Data section:
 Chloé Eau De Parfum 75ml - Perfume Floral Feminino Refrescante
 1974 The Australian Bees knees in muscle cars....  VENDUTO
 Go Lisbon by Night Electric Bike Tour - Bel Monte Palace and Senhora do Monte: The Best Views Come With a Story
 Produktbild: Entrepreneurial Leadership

--

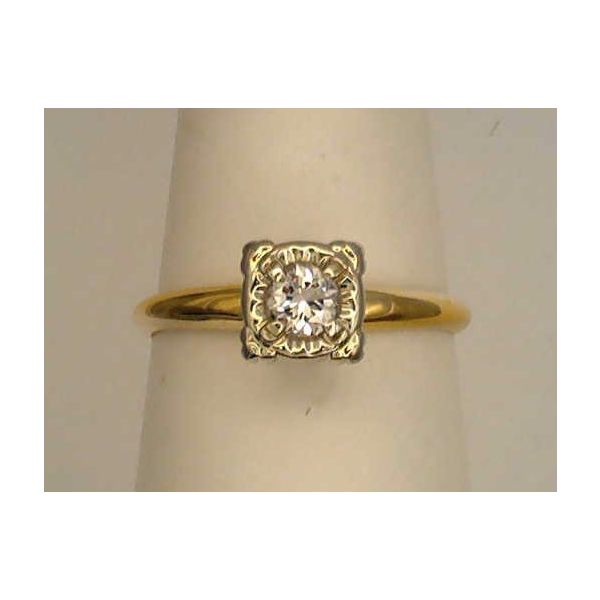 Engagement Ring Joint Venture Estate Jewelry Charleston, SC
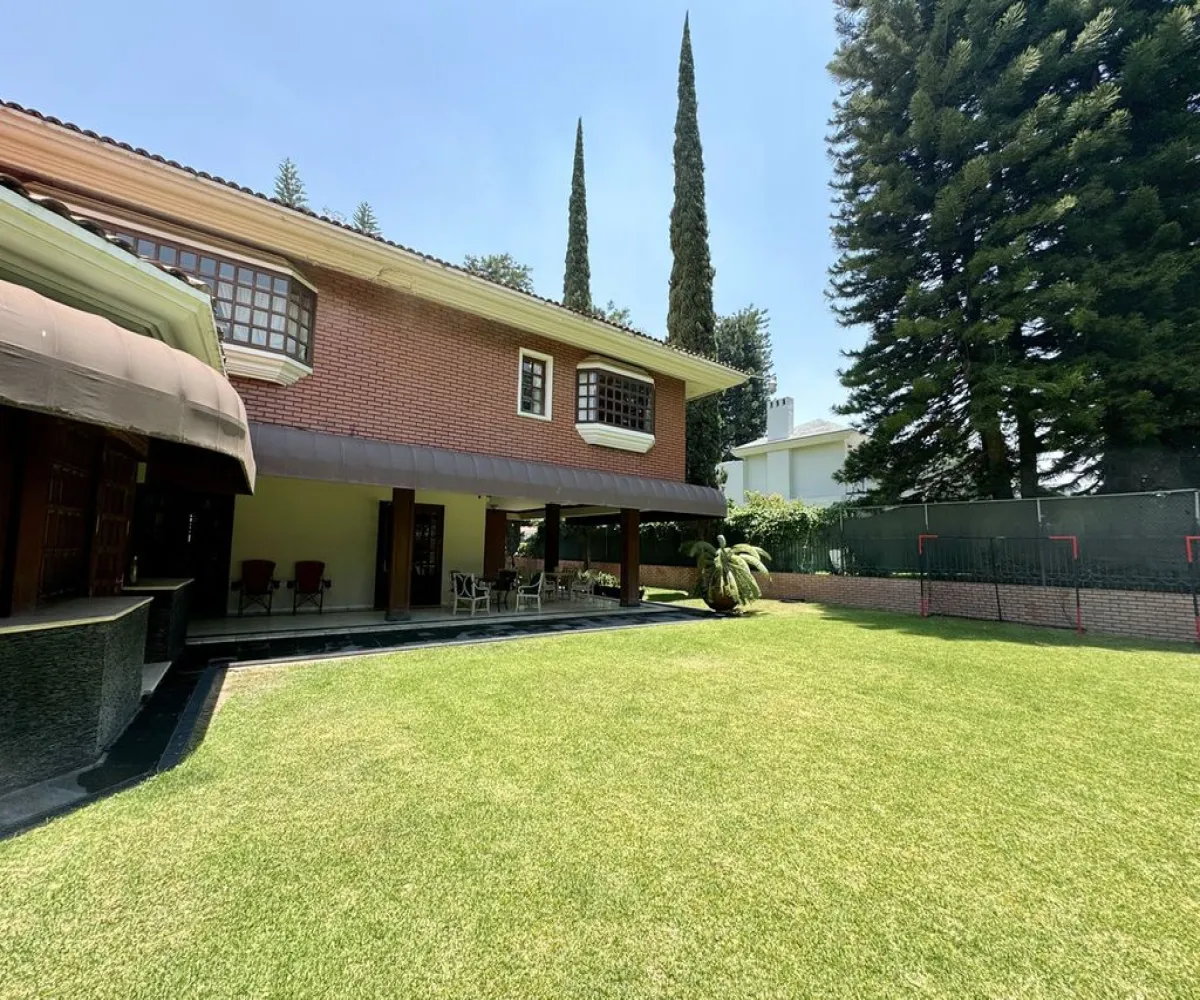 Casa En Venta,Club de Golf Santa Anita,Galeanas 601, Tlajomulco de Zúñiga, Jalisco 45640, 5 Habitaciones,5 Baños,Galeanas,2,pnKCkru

...

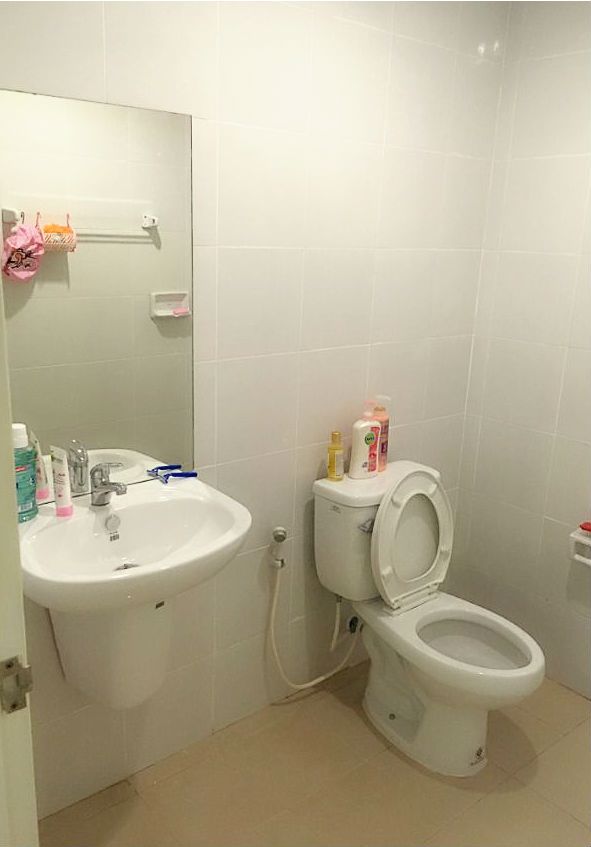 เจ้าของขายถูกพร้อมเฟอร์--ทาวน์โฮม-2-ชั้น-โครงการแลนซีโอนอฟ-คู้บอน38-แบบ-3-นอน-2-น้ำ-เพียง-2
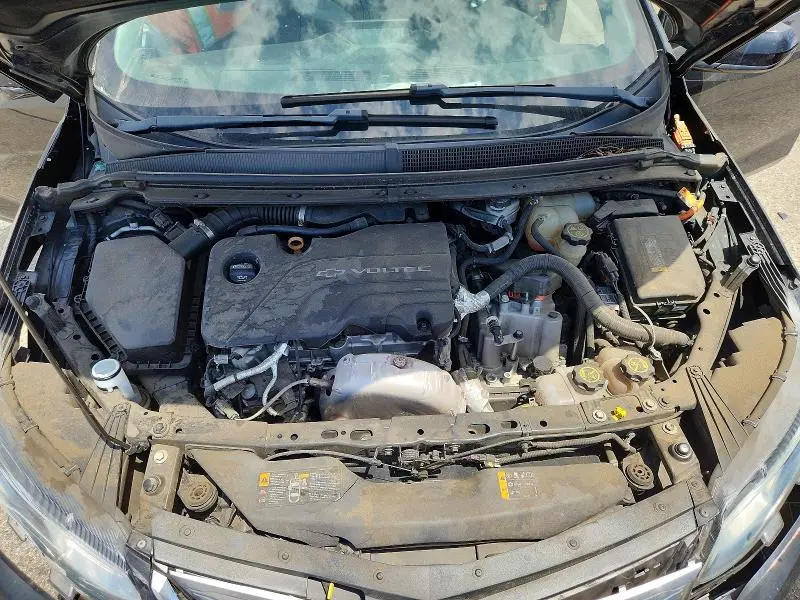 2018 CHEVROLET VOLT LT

Problem to work on: Print the lines above from the one with "Chloé Eau De" through the one with "Produktbild: Entrepreneurial Leadership", both included, exactly as written and nothing more.

Answer to the exercise:
 Chloé Eau De Parfum 75ml - Perfume Floral Feminino Refrescante
 1974 The Australian Bees knees in muscle cars....  VENDUTO
 Go Lisbon by Night Electric Bike Tour - Bel Monte Palace and Senhora do Monte: The Best Views Come With a Story
 Produktbild: Entrepreneurial Leadership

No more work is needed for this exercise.